## Task prompt
Your answer should repeat exactly the line containing "Air for Bb trumpet" and all lines after it through the end of the material below, with no other text.

## Data in this exercise

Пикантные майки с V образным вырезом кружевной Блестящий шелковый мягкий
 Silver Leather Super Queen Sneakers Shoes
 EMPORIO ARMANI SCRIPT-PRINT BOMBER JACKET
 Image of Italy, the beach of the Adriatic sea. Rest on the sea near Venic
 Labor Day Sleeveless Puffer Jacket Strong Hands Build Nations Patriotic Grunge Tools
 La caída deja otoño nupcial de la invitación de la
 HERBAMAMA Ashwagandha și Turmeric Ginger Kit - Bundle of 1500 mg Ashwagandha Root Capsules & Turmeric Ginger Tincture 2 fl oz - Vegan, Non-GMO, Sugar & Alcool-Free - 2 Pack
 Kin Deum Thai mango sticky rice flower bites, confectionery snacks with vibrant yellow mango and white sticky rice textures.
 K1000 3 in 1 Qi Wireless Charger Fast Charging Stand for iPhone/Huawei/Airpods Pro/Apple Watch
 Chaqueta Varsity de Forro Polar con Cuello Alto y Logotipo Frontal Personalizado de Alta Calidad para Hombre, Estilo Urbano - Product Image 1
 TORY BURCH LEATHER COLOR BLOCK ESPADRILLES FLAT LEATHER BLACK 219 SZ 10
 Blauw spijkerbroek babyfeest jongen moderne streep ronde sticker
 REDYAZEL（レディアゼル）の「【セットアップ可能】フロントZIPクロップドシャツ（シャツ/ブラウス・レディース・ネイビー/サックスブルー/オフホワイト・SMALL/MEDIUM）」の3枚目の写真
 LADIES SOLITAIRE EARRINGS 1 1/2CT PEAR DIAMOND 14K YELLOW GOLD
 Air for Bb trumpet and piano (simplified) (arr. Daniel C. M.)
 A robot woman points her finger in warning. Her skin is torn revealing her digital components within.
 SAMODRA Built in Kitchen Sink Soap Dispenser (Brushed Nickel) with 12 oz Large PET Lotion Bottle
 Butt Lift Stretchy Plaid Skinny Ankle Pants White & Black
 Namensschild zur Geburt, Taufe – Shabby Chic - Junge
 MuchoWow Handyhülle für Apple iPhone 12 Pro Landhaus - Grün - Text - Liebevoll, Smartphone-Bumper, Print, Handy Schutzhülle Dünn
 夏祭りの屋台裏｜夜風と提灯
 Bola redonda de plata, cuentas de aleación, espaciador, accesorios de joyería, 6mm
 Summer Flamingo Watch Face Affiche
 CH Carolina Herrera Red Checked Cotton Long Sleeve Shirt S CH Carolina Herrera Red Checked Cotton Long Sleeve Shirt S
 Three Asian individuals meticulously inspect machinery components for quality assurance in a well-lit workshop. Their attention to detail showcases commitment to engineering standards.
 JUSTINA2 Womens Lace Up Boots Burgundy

## Task solution
 Air for Bb trumpet and piano (simplified) (arr. Daniel C. M.)
 A robot woman points her finger in warning. Her skin is torn revealing her digital components within.
 SAMODRA Built in Kitchen Sink Soap Dispenser (Brushed Nickel) with 12 oz Large PET Lotion Bottle
 Butt Lift Stretchy Plaid Skinny Ankle Pants White & Black
 Namensschild zur Geburt, Taufe – Shabby Chic - Junge
 MuchoWow Handyhülle für Apple iPhone 12 Pro Landhaus - Grün - Text - Liebevoll, Smartphone-Bumper, Print, Handy Schutzhülle Dünn
 夏祭りの屋台裏｜夜風と提灯
 Bola redonda de plata, cuentas de aleación, espaciador, accesorios de joyería, 6mm
 Summer Flamingo Watch Face Affiche
 CH Carolina Herrera Red Checked Cotton Long Sleeve Shirt S CH Carolina Herrera Red Checked Cotton Long Sleeve Shirt S
 Three Asian individuals meticulously inspect machinery components for quality assurance in a well-lit workshop. Their attention to detail showcases commitment to engineering standards.
 JUSTINA2 Womens Lace Up Boots Burgundy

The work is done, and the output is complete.